_Exercise requirements_
Here the job is to transcribe only the lines from the one containing "Khay đựng đồ" through the last line below, exactly as written; please leave out pictures.

_Raw data_
· · · · ·

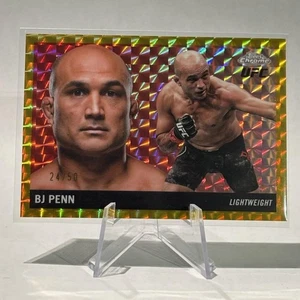 2025 Topps Chrome UFC BJ Penn '55 Topps Geometric Gold /50 - Picture 1 of 2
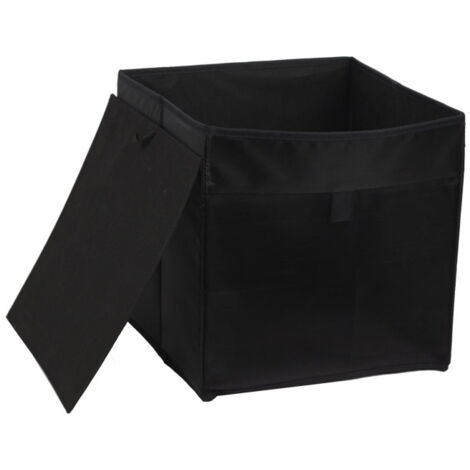 Panier à Linge Carré "Pop Up" 30cm Noir (1/5)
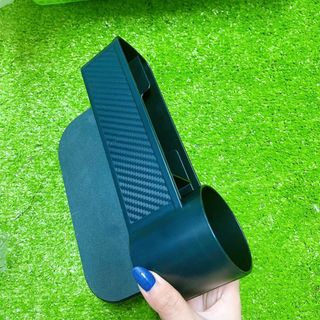 Khay đựng đồ đa năng, hộc để đồ nhét khe ghế ô tô xe hơi cao cấp vân carbon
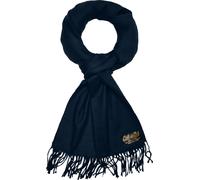 BRUBAKER Écharpe Cashmirillo - env. 30 x 180 cm de long, chaude et douillette - Écharpe d'hiver douillette - Écharpe avec franges pour femmes et hommes, bleu foncé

· · · · ·

_Task result_
 Khay đựng đồ đa năng, hộc để đồ nhét khe ghế ô tô xe hơi cao cấp vân carbon
 BRUBAKER Écharpe Cashmirillo - env. 30 x 180 cm de long, chaude et douillette - Écharpe d'hiver douillette - Écharpe avec franges pour femmes et hommes, bleu foncé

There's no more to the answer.